Last week I was playing with a PDP-8 replica (see
here,
here and
here) and noticed that it has just a 12 bit address space - 4k words - but with a scheme for up to 8 banks of memory (which it calls fields.) It seemed like a very simple scheme which might need minimal hardware, so I started thinking about how to do the same thing for a 6502 or 65C02. [The 65816 already has a solution for extended memory addressing!]
As it happens, I misunderstood what the PDP-8 offers: it has two bank registers, one is for indirect addressing and the other is for everything else. This is a little like the
6509, which has one for opcodes B1 and 91 and another register for everything else. That is, LDA and STA (zp),Y. We discussed that
here.
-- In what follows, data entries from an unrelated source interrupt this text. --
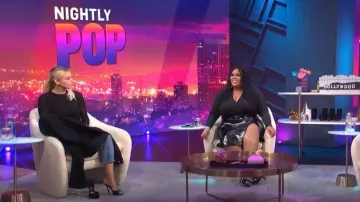 Nina Parker Trendy Faux-Leather Skirt worn by Nina Parker as seen in E! News Nightly Pop on September 22,2022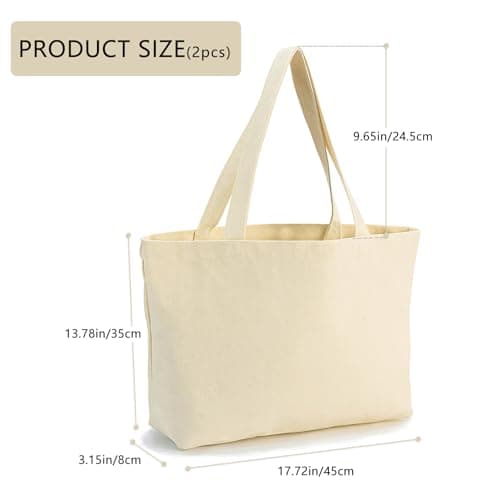 Fuonmka 2 Pack Canvas Tote Bags, 17.7x13.8 Inch Reusable Grocery Shopping Bag, Blank Cotton Bags for DIY Craft, Promotion, Gift, Shopping, Drawing — view 3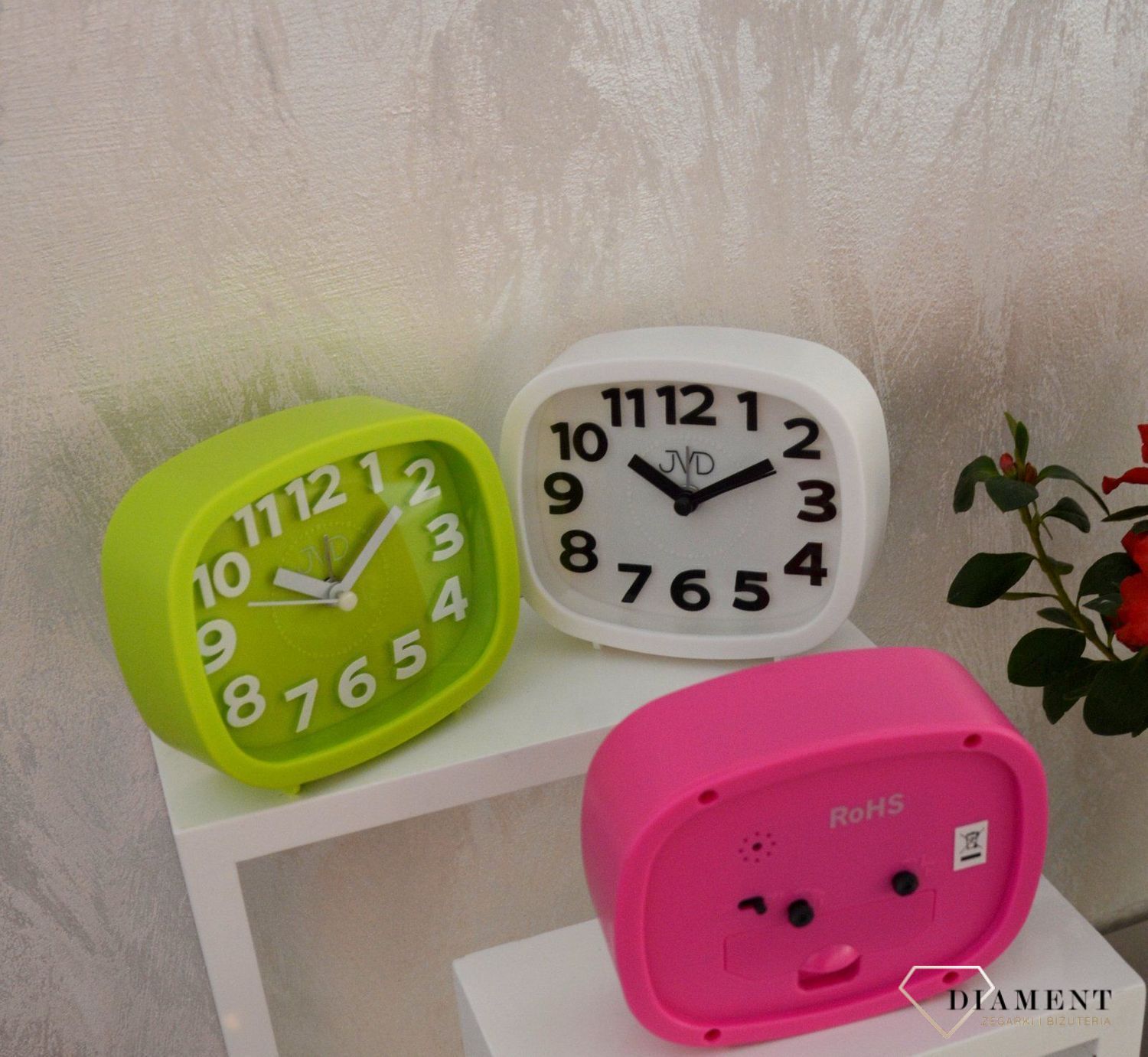 Budzik dla dzieci biały czeskiej marki JVD SRP037.2.jpg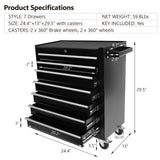 YSJZYBF 7 Drawers Rolling Tool Chest with Wheels Tool Box Organizer with Large Storage Cabinet Removable Portable Tool Cabinet with Locking System YSJZYBF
It's also a little like Acorn's in-house extended-address machine, which we discussed
here - in that case, it modifies all 16 opcodes which use (zp) and (zp),Y addressing modes to add a third byte to the indirect address.
(Let me mention in passing
previous ideas of using a TTL register file to act as an MMU. The
tgl6502 does something similar, in physical emulation.
Acorn's Beeb and the
C64 and
Apple II all have some distinguished memory range which can map any one of several devices - much like plugging in a different chip or cartridge which always appears at the same place in memory. The Apple III has a much
more complex scheme, implemented with the help of a custom chip. Jeff's own
KimKlone has a few high-address registers which come into play using custom opcodes or opcode prefixes.)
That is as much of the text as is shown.